# do it hard or go home



## muscleendurance (Jan 11, 2009)

Wiggins after Paris Roubaix! 

Now THAT is weight saving


----------



## Guest (Dec 12, 2009)

Wiggo certainly went all in on his weight loss.


----------



## spoonhead (Apr 6, 2009)

Consider my mind blown!!


----------



## CHL (Jun 24, 2005)

That's worse than the picture of Chicken with his shirt off after the TDF. I'm not a doctor or a physical trainer so I can't tell with certainty, but that looks like major muscle atrophy. 

CHL


----------



## aussiebullet (Sep 26, 2005)

Now get him to wear low cut socks and it would look even worse!


----------



## Andrea138 (Mar 10, 2008)

Wow... I wonder if he tries to sustain that year round.


----------



## Guest (Dec 12, 2009)

Andrea138 said:


> Wow... I wonder if he tries to sustain that year round.

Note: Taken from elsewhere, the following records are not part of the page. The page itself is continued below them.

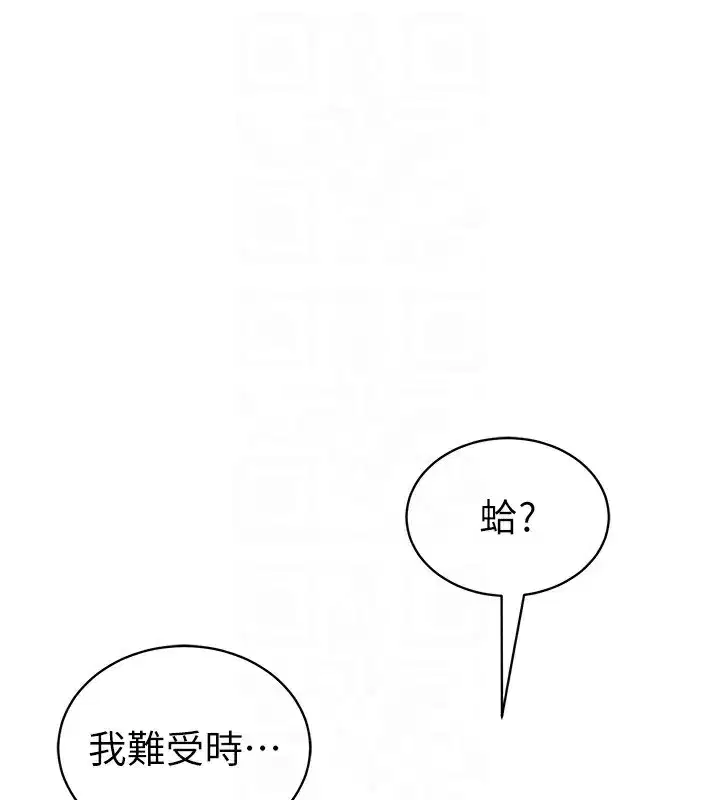 第49話-阿姨，妳說要幫我的…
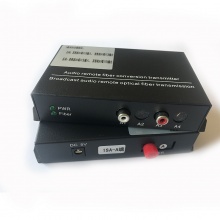 音频光端机RT-T/R1SA   1路双向音频光端机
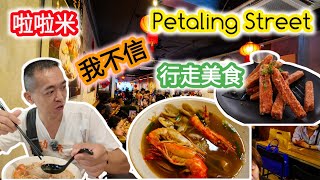 Michelin啦啦米粉 香浓汤头整碗喝完 还去了Jamboo KL 喝饮料 次厂街 City Centre Lai Foong Lala noodle Petaling Street Food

I dunno, but I bet right there he's realizing sustaining it for Roubaix was not such a great idea.


----------



## ghost6 (Sep 4, 2009)

Those legs look photoshopped.


----------



## muscleendurance (Jan 11, 2009)

ghost6 said:


> Those legs look photoshopped.



that crossed my mind, but its from the garmin team website its official.


----------



## ghost6 (Sep 4, 2009)

muscleendurance said:


> that crossed my mind, but its from the garmin team website its official.

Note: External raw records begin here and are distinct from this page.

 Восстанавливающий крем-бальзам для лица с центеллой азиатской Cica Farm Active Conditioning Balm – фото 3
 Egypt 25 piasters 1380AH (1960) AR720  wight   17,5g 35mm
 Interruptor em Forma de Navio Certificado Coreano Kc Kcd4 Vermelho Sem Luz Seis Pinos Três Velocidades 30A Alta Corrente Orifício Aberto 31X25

If it's real, he needs treatment.


----------



## Zilla (Aug 17, 2009)

that can't be real.

You have to be losing so much power at that point of emaciation. I've also heard of his dieting technique and can't say I'm a fan.

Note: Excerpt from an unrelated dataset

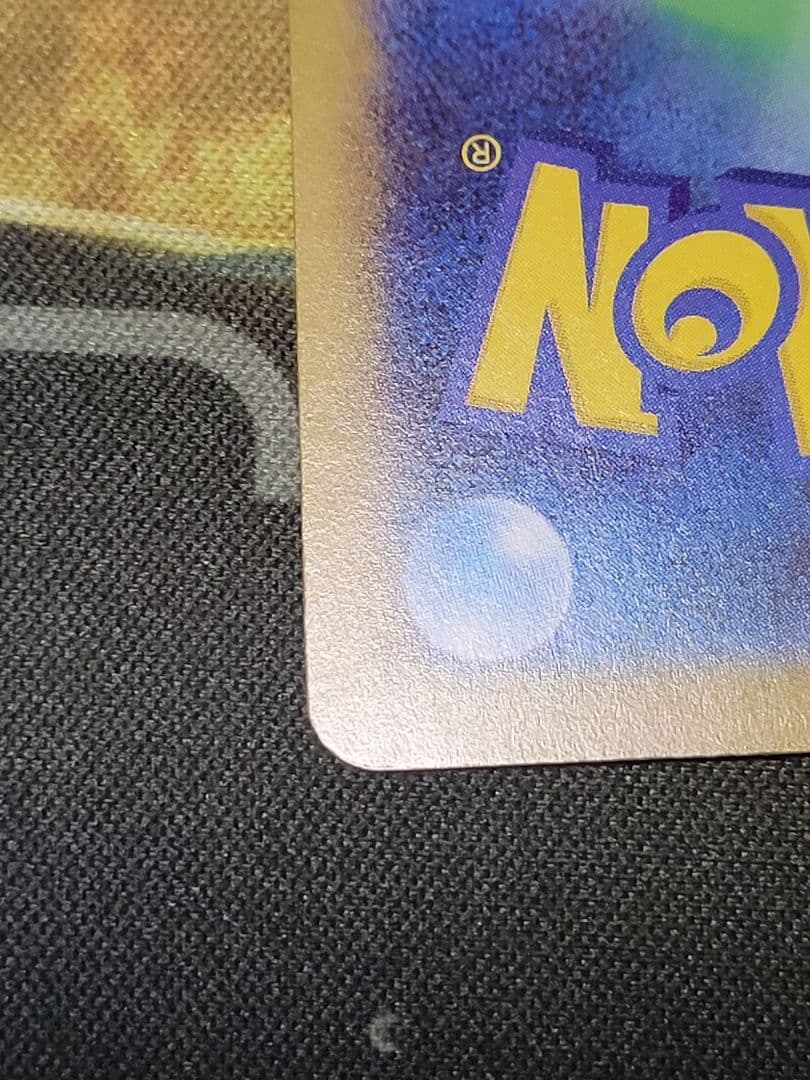 メガリザードンx ex sar インフェルノx ポケモンカードゲーム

It would be much more beneficial to diet more slowly and retain more muscle mass. You can lose muscle a **** load faster than you can put it on.


----------



## muscleendurance (Jan 11, 2009)

Zilla said:


> that can't be real.
> .


it is, get over it


----------



## Finbar (Oct 8, 2008)

the really sickening thing is that he lost even more weight for the Tour...


----------



## deadlegs2 (Oct 3, 2009)

professional cycling has got some serious problems.


----------



## ljfran2383 (Aug 27, 2009)

wow. when you get to that kinda weight your body starts getting weak, not strong, and even if he can function like that, being that low body fat percent will actually cause joint pain


----------



## deadlegs2 (Oct 3, 2009)

what ever would make cyclists think they could waste away and reincarnate themselves as a different type of rider???


----------



## Lelandjt (Sep 11, 2008)

Nice stems, if that was a chick I'd totally do her.


----------